Share this Article
Copyright: © Singapore Medical Association
Medical doctors are not newcomers to the field of artificial intelligence (AI), with radiologists pioneering work in medical imaging perception in the 1980s.(1) But as it stands today, radiology, and in fact the whole of healthcare, is a field ripe for disruption. In the past 5–10 years, there have been substantial new innovations in imaging from deep learning methods of image detection and classification. Current artificial neural networks have accuracy rates that surpass those of radiologists in narrow-based tasks such as nodule detection,(2,3) and those of pathologists in detecting lymph node metastasis from breast cancer,(4) and that are likely close to parity with ophthalmologists for vision-threatening diabetic retinopathy, with an area under the curve of 0.958 (95% confidence interval 0.956–0.961).(5) Natural language processing is also poised to transform the way electronic health records are utilised by clinicians and researchers.
In the late 1970s, Michael Porter described his classic framework and generic strategies for competitive advantage, which would go on to revolutionise the field of industrial strategy.(6) The three generic strategies determining competitive advantage are cost reduction, differentiation and focus. How do we address these challenges using Porter’s strategies? Rather than focusing on a business, let us reframe the point of reference around healthcare as the organisation that requires a strategic rethink.

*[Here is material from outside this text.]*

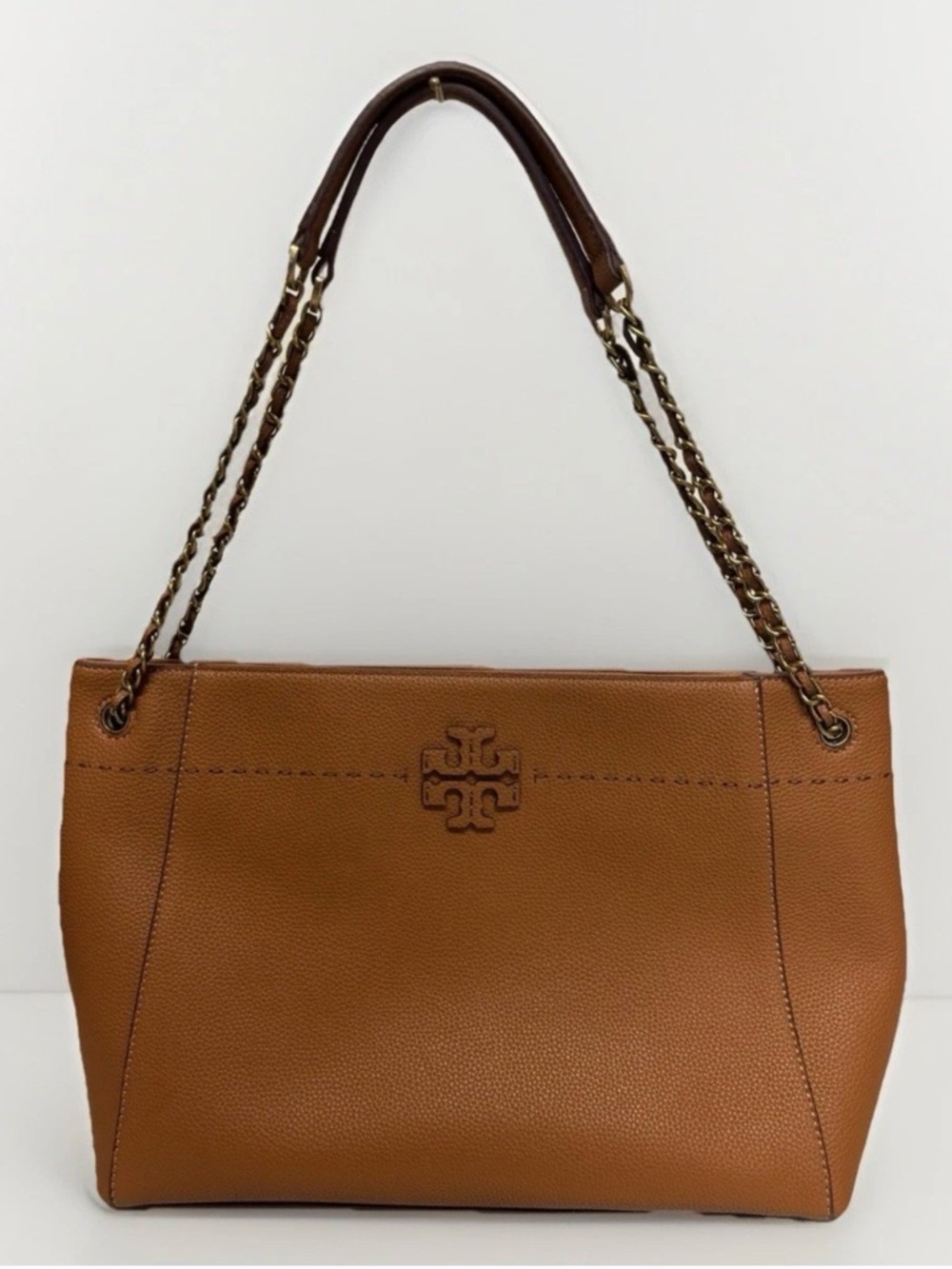 Tory Burch McGraw Chain Shoulder Slouchy Tote - Excellent Condition #5770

Key to formulating a strategy is defining our capabilities and identifying competitive forces that pose a threat. We face competition from private healthcare contractors who may purchase AI technologies to market directly to patients, bypassing doctors entirely. We also face competition from equipment vendors who manufacture diagnostic devices such as computed tomography scanners or digital retinal cameras, aiming to integrate their business vertically in much the way Apple produces its phones by owning each part of the supply chain.
Our greatest strength lies, ironically, not in our ability to accurately detect and classify disease, but in our ability to tap on collective and individual experience to make clinical judgements based on data, and this is where we outshine diagnostic algorithms. This experience curve is not limited to knowledge gained from clinical practice but stems from many years of undergraduate basic medical science training beforehand. Currently, we differentiate ourselves by integrating multimodal streams of data from electronic health records and discussions with other colleagues from different specialties. This forms a very strong entry barrier.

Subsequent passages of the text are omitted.